═════ Material for this exercise

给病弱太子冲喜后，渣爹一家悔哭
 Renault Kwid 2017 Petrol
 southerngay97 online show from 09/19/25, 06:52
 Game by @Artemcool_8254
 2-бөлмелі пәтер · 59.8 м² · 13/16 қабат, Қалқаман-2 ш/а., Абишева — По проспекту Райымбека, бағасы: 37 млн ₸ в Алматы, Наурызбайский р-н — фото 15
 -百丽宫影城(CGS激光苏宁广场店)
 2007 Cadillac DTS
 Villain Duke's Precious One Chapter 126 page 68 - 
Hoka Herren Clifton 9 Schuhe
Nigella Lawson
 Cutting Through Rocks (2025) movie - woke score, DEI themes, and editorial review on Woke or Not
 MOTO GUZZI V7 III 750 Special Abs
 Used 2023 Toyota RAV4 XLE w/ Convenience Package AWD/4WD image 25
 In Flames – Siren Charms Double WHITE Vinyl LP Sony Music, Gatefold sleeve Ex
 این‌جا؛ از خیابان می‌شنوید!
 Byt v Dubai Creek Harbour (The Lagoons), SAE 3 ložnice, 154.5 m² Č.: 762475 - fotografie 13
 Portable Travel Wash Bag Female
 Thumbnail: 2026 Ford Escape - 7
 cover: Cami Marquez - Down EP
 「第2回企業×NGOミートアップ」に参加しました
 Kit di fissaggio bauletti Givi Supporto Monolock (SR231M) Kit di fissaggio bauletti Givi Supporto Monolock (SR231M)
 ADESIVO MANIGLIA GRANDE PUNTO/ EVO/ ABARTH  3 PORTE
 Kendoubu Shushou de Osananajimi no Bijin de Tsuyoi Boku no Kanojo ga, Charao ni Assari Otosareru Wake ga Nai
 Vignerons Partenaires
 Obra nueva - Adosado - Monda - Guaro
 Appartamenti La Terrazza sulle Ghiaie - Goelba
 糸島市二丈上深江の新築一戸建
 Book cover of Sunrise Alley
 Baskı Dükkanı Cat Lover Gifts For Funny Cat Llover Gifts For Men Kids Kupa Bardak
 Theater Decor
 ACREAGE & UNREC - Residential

══════════

_Directions for this task_
Every entry should be output again exactly as written.

_Answer box_
给病弱太子冲喜后，渣爹一家悔哭
 Renault Kwid 2017 Petrol
 southerngay97 online show from 09/19/25, 06:52
 Game by @Artemcool_8254
 2-бөлмелі пәтер · 59.8 м² · 13/16 қабат, Қалқаман-2 ш/а., Абишева — По проспекту Райымбека, бағасы: 37 млн ₸ в Алматы, Наурызбайский р-н — фото 15
 -百丽宫影城(CGS激光苏宁广场店)
 2007 Cadillac DTS
 Villain Duke's Precious One Chapter 126 page 68 - 
Hoka Herren Clifton 9 Schuhe
Nigella Lawson
 Cutting Through Rocks (2025) movie - woke score, DEI themes, and editorial review on Woke or Not
 MOTO GUZZI V7 III 750 Special Abs
 Used 2023 Toyota RAV4 XLE w/ Convenience Package AWD/4WD image 25
 In Flames – Siren Charms Double WHITE Vinyl LP Sony Music, Gatefold sleeve Ex
 این‌جا؛ از خیابان می‌شنوید!
 Byt v Dubai Creek Harbour (The Lagoons), SAE 3 ložnice, 154.5 m² Č.: 762475 - fotografie 13
 Portable Travel Wash Bag Female
 Thumbnail: 2026 Ford Escape - 7
 cover: Cami Marquez - Down EP
 「第2回企業×NGOミートアップ」に参加しました
 Kit di fissaggio bauletti Givi Supporto Monolock (SR231M) Kit di fissaggio bauletti Givi Supporto Monolock (SR231M)
 ADESIVO MANIGLIA GRANDE PUNTO/ EVO/ ABARTH  3 PORTE
 Kendoubu Shushou de Osananajimi no Bijin de Tsuyoi Boku no Kanojo ga, Charao ni Assari Otosareru Wake ga Nai
 Vignerons Partenaires
 Obra nueva - Adosado - Monda - Guaro
 Appartamenti La Terrazza sulle Ghiaie - Goelba
 糸島市二丈上深江の新築一戸建
 Book cover of Sunrise Alley
 Baskı Dükkanı Cat Lover Gifts For Funny Cat Llover Gifts For Men Kids Kupa Bardak
 Theater Decor
 ACREAGE & UNREC - Residential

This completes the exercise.